Its very well written but two paragraphs stood out.

"I’m now more interested in keeping the best of the old ways alive, preserving a link from our ancient past – and its crafts, perspectives, stories – into our future, so that when the industrial apparatus collapses under the weight of its own junk, these long-serving ways can point us towards the back roads home. For, as a computer “quit screen” message once said, everything not saved will be lost. We would do well to heed it, lest we lose ourselves.

This way of life is often described as “the simple life”. Looking at it head-on, it’s far from simple. This life is actually quite complex, made up of a thousand small, simple things. By comparison, my old urban life was quite simple, made up of a thousand small, complex things. I found industrial life too simple, and thus repetitive and boring. With all of its apps, switches, electronic entertainment, power tools, websites, devices, comforts and conveniences, there was almost nothing left for me to do for myself, except that one thing that earned me the cash to buy my other needs and wants.

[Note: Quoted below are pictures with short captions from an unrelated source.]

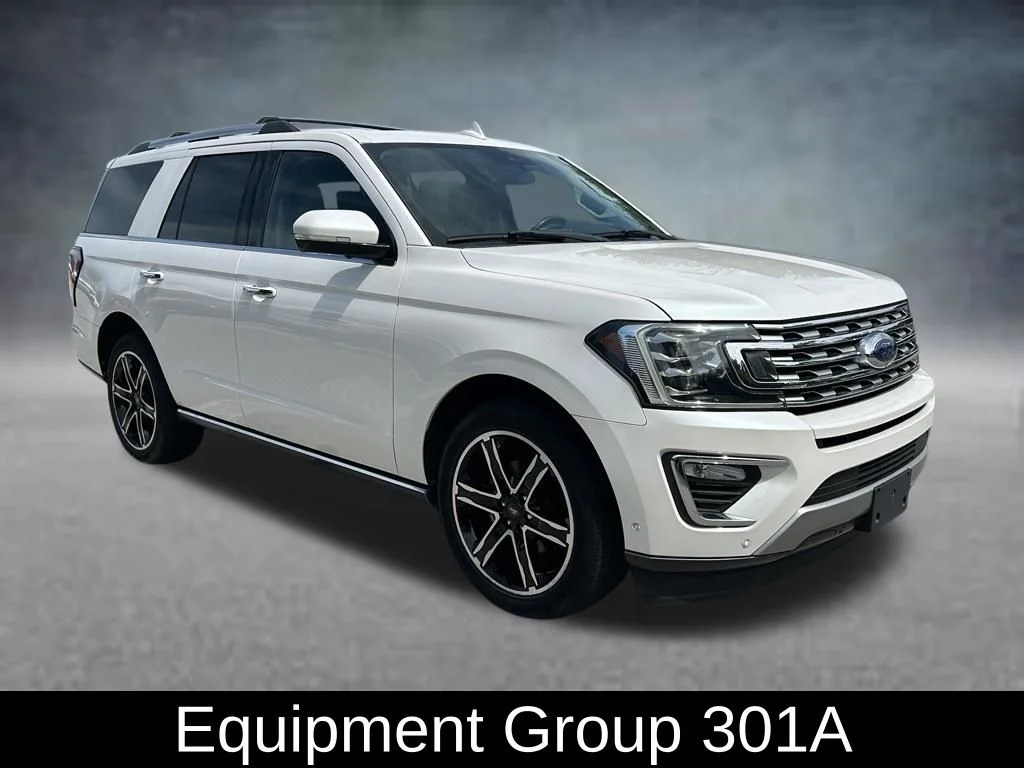Used 2019 White Platinum Clearcoat Metallic Ford Limited image 3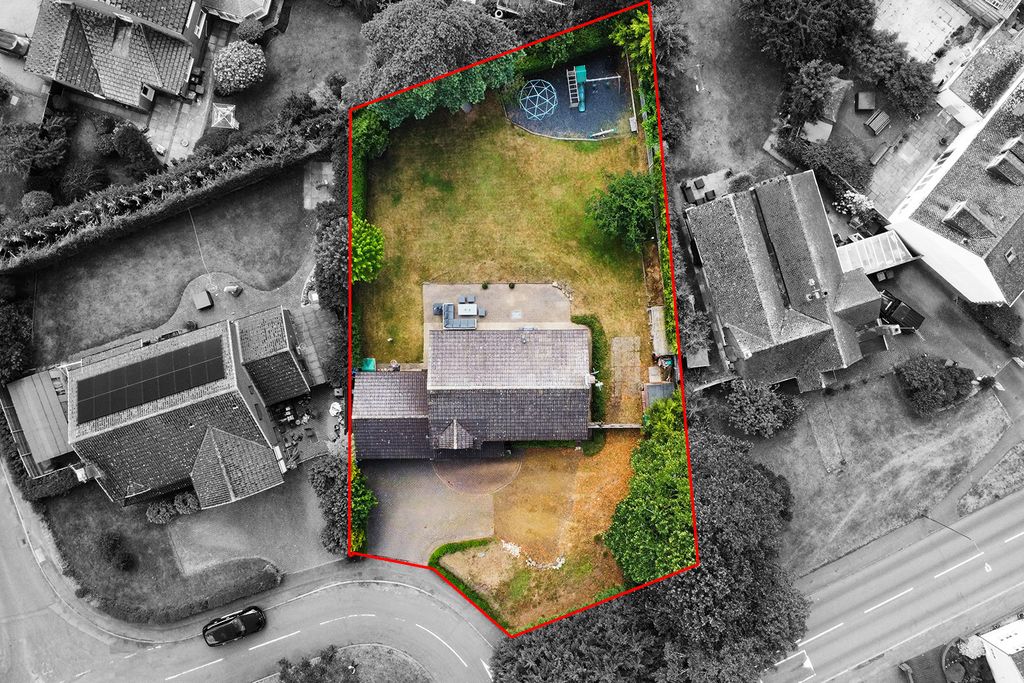 Property photo 2 of 25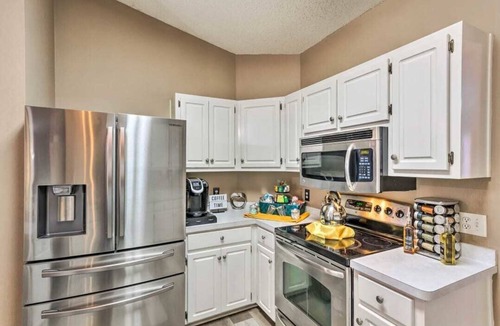 Pensacola House | Pensacola Workcation w/Fast WiFi - Near Beaches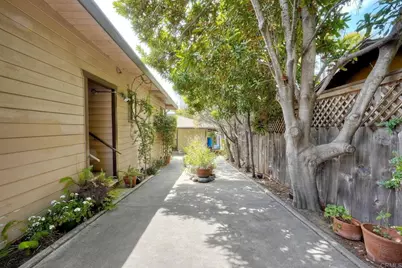 1974 Manchester Avenue, Cardiff by the Sea, CA 92007 - Photo 3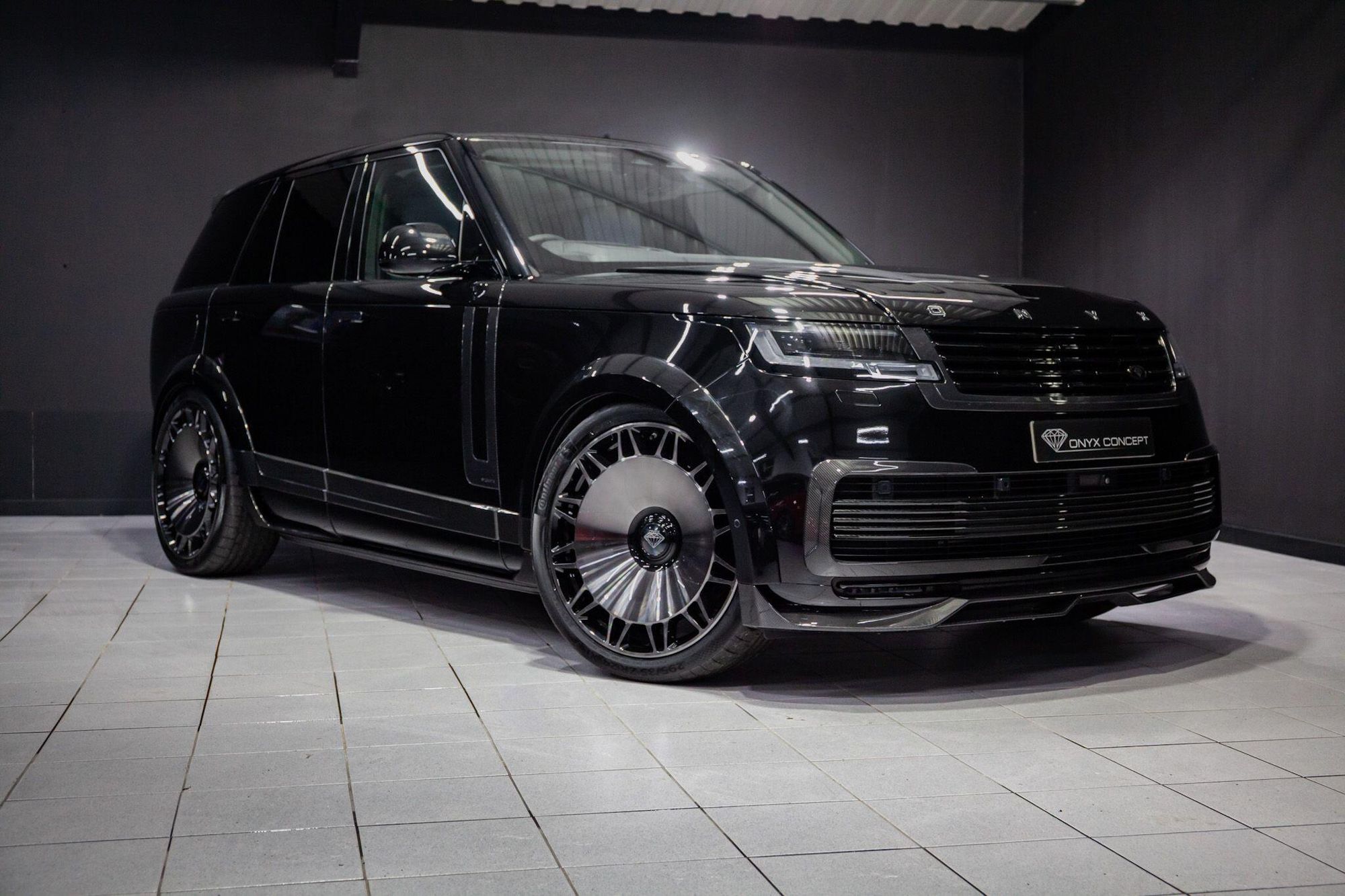 LAND ROVER RANGE ROVER SPORT ESTATE 4.4 P530 V8 Autobiography 5dr Auto for sale UK - Slide 3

So as Kirkpatrick Sale once wrote in Human Scale, my wish became “to complexify, not simplify”."


We've spoken here about the need to cut some of the clutter of our modern society from our lives and get back to a more simple way of doing things, but Boyle rightly points out, that its not the old ways that are simple, its the new ones.

As anyone here who has tried their hand at growing things in a garden or a container, getting plants to do what they do best, grow, can be a amazingly complex and difficult thing.

On the other hand, sitting in a park, with your mind buried in your phone on "un-social media" (I really like that term from the article) is one of the simplest things in the world. Ignoring all the complex things going on in that small slice of real life that is a park, doesn't take much effort. Engaging with Life does.


Note: I posted this under "Community and Whole Systems" because rethinking how you live your life, and how your community lives theirs, to me is an integral part of building that community.